== The input ==
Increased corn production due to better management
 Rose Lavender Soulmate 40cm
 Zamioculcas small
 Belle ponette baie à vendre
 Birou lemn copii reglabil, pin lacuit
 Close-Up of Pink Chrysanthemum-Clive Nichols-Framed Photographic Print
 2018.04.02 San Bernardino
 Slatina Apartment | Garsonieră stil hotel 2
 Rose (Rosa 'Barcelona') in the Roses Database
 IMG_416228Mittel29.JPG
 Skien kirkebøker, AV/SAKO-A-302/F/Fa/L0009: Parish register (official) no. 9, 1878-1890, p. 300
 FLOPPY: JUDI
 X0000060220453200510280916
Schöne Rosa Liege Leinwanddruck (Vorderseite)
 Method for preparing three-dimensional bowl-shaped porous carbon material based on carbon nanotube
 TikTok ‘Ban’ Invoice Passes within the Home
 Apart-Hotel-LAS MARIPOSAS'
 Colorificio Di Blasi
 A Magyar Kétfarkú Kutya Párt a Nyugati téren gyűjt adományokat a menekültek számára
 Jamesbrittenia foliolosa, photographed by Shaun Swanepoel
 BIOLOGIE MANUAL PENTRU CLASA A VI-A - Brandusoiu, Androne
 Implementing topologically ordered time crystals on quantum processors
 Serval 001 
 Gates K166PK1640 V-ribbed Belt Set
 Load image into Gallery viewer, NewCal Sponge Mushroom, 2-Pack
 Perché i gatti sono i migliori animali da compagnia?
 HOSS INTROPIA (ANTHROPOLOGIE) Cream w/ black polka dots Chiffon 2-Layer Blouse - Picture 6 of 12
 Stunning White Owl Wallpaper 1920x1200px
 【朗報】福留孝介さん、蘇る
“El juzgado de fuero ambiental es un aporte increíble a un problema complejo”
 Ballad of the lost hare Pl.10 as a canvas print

== The task ==
Each line from the one containing "Gates K166PK1640 V-ribbed Belt Set" to the end of the records should be echoed exactly, and no other line.

== Exercise response ==
 Gates K166PK1640 V-ribbed Belt Set
 Load image into Gallery viewer, NewCal Sponge Mushroom, 2-Pack
 Perché i gatti sono i migliori animali da compagnia?
 HOSS INTROPIA (ANTHROPOLOGIE) Cream w/ black polka dots Chiffon 2-Layer Blouse - Picture 6 of 12
 Stunning White Owl Wallpaper 1920x1200px
 【朗報】福留孝介さん、蘇る
“El juzgado de fuero ambiental es un aporte increíble a un problema complejo”
 Ballad of the lost hare Pl.10 as a canvas print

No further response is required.